> _WORK TO BE COMPLETED_:
All of the data below is to be repeated exactly, except for the pictures.

> _RECORDED INFORMATION_:
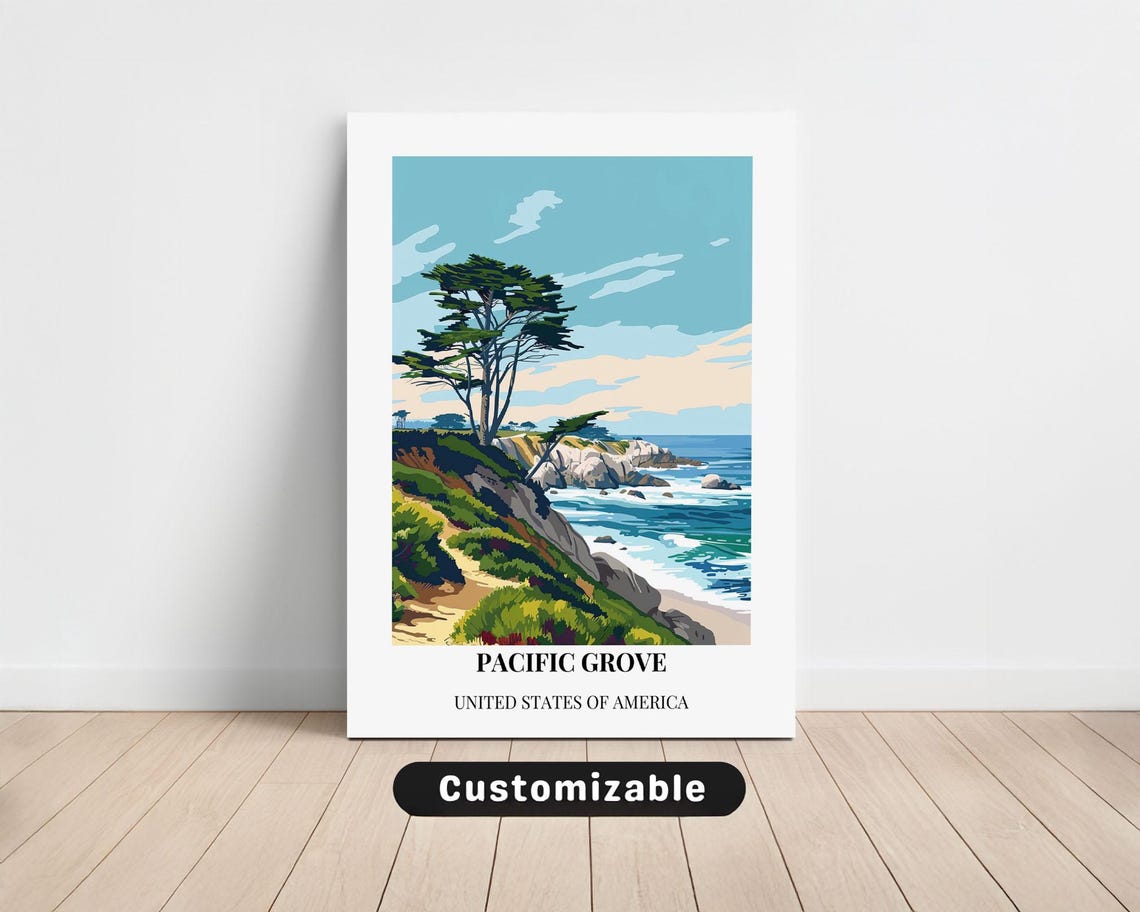 Pacific Grove Rocky Shore Cypress Coast Vector Travel Poster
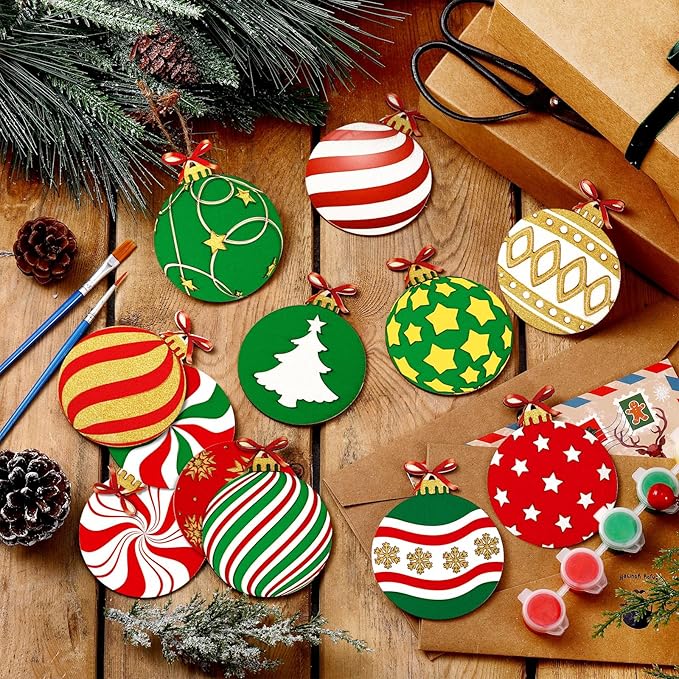 60 Pcs Wood Christmas Crafts for Kids DIY Paint Xmas Ornaments Blank Unfinished Wooden Cutouts Shapes Slices Hanging Embellishment for Christmas Tree Holiday Party Decor(Ball)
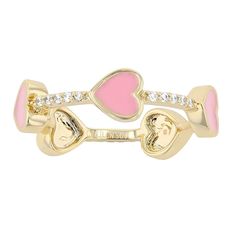 You will love the charming design of this cubic zirconia pink enamel heart stacking ring. Click on this JEWELRY & WATCHES GUIDE to learn about fit, styles, materials and more! You will love the charming design of this cubic zirconia pink enamel heart stacking ring. Click on this JEWELRY & WATCHES GUIDE to learn about fit, styles, materials and more! FEATURES Width: 6 mm Shank style: stackable Band fit: comfort fit Metal: brass Plating: 14k gold Finish: polished Packaging: velvety pouchSTONE DETA Pink Enamel Stackable Jewelry, Pink Adjustable Heart Ring For Promise, Adjustable Pink Heart Ring For Promise, Pink Enamel Stackable Ring As Gift, Pink Stackable Enamel Ring As A Gift, Pink Enamel Promise Ring, Rose Gold Stackable Heart Ring For Valentine's Day, Stackable Rose Gold Heart Ring For Valentine's Day, Pink Heart Promise Ring For Valentine's Day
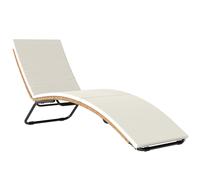 Outsunny Bain de soleil en résine tressée transat de jardin design en S courbe naturelle structure robuste acier coussin crème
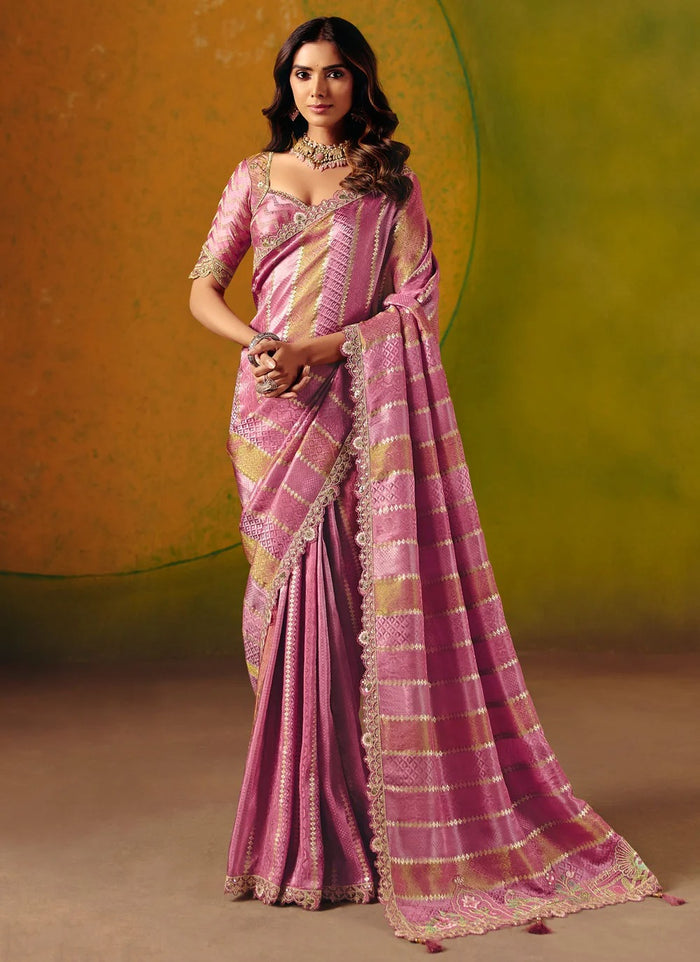 Pink Party Wear Silk Saree with Ready Blouse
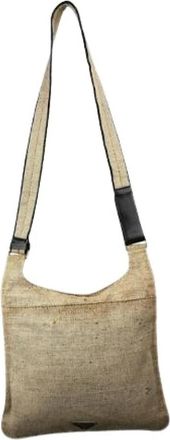 Prada Pre-owned Cross Body Bags, female, Beige, Size: ONE SIZE Pre-owned Fabric Cross Body Bag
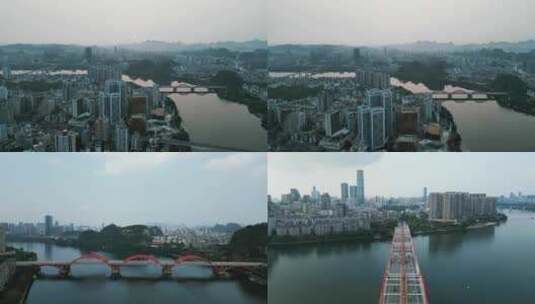 合集广西柳州文惠桥航拍高清在线视频素材下载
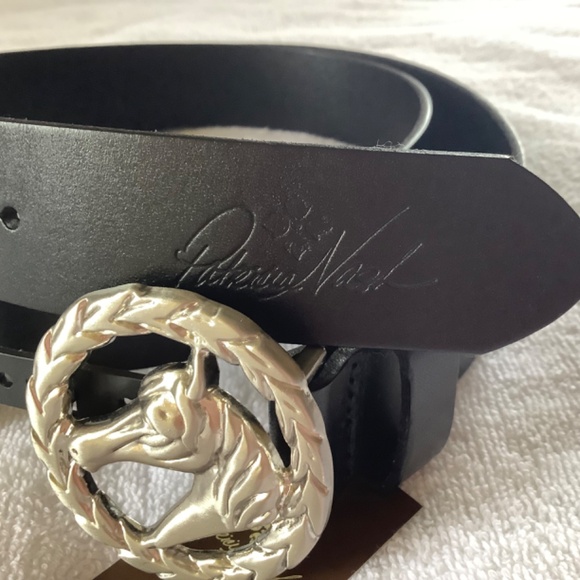 Patricia Nash Leather Morely Horse Buckle Belt Black SZ Large - Picture 5 of 8
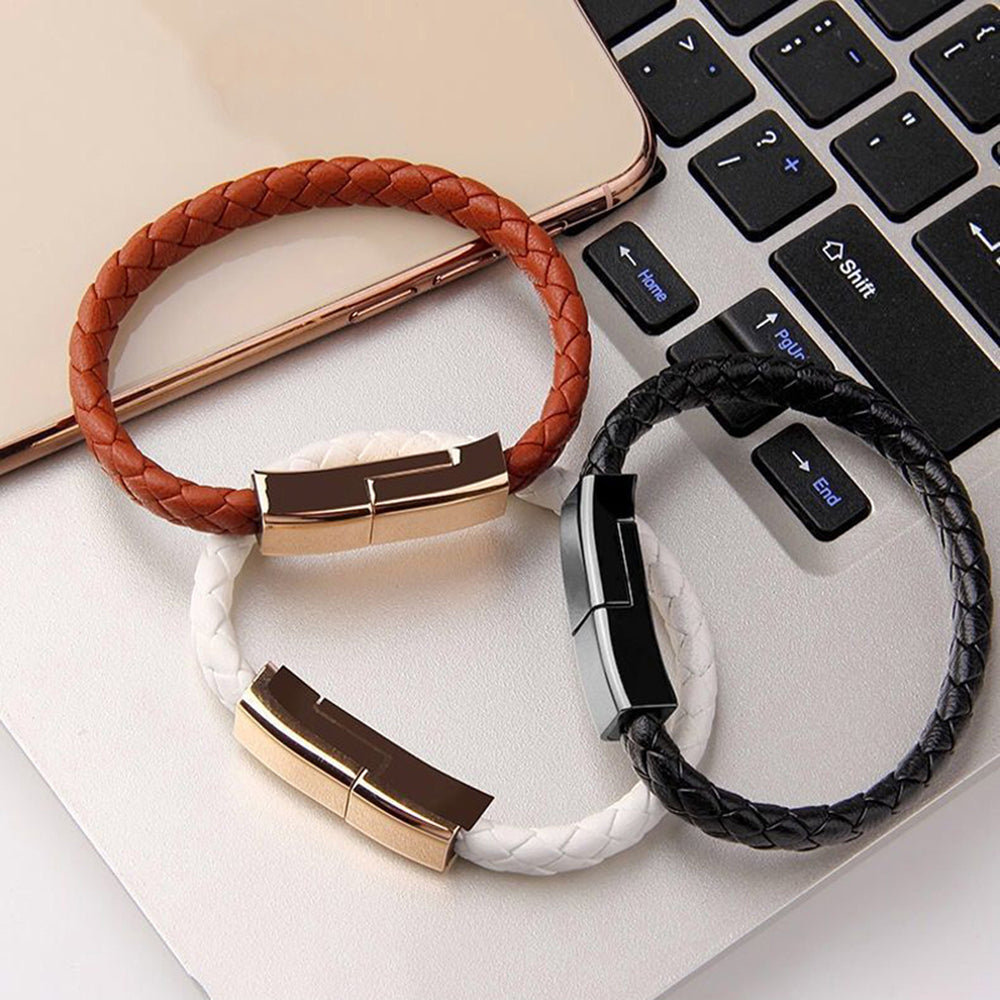 Leather USB Data Cable Bracelet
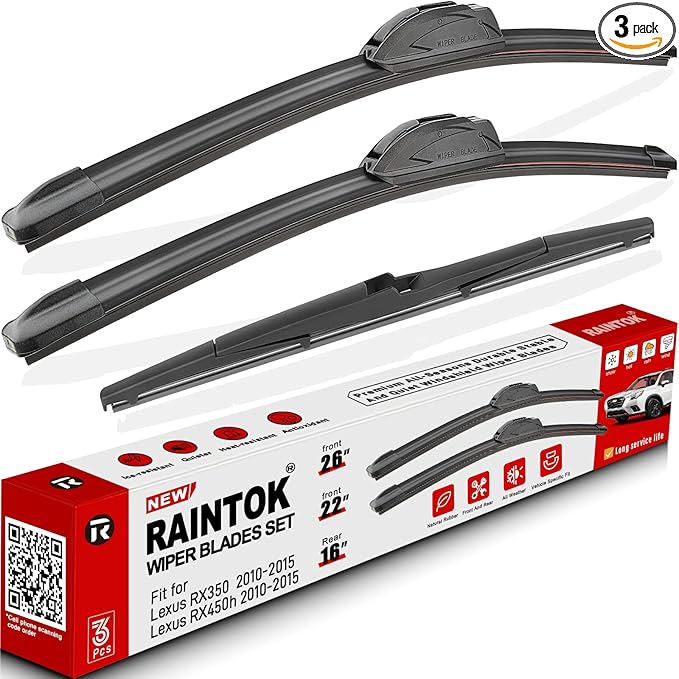 Windshield Wiper Blades Replacement for 2010-2015 Lexus RX350 RX450h RX 350 450h Original Factory Quality Front Rear Wipers Blade Set for My Car - 26" 22" 16" (Pack of 3)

> _OUTPUT_:
 Pacific Grove Rocky Shore Cypress Coast Vector Travel Poster
 60 Pcs Wood Christmas Crafts for Kids DIY Paint Xmas Ornaments Blank Unfinished Wooden Cutouts Shapes Slices Hanging Embellishment for Christmas Tree Holiday Party Decor(Ball)
 You will love the charming design of this cubic zirconia pink enamel heart stacking ring. Click on this JEWELRY & WATCHES GUIDE to learn about fit, styles, materials and more! You will love the charming design of this cubic zirconia pink enamel heart stacking ring. Click on this JEWELRY & WATCHES GUIDE to learn about fit, styles, materials and more! FEATURES Width: 6 mm Shank style: stackable Band fit: comfort fit Metal: brass Plating: 14k gold Finish: polished Packaging: velvety pouchSTONE DETA Pink Enamel Stackable Jewelry, Pink Adjustable Heart Ring For Promise, Adjustable Pink Heart Ring For Promise, Pink Enamel Stackable Ring As Gift, Pink Stackable Enamel Ring As A Gift, Pink Enamel Promise Ring, Rose Gold Stackable Heart Ring For Valentine's Day, Stackable Rose Gold Heart Ring For Valentine's Day, Pink Heart Promise Ring For Valentine's Day
 Outsunny Bain de soleil en résine tressée transat de jardin design en S courbe naturelle structure robuste acier coussin crème
 Pink Party Wear Silk Saree with Ready Blouse
 Prada Pre-owned Cross Body Bags, female, Beige, Size: ONE SIZE Pre-owned Fabric Cross Body Bag
 合集广西柳州文惠桥航拍高清在线视频素材下载
 Patricia Nash Leather Morely Horse Buckle Belt Black SZ Large - Picture 5 of 8
 Leather USB Data Cable Bracelet
 Windshield Wiper Blades Replacement for 2010-2015 Lexus RX350 RX450h RX 350 450h Original Factory Quality Front Rear Wipers Blade Set for My Car - 26" 22" 16" (Pack of 3)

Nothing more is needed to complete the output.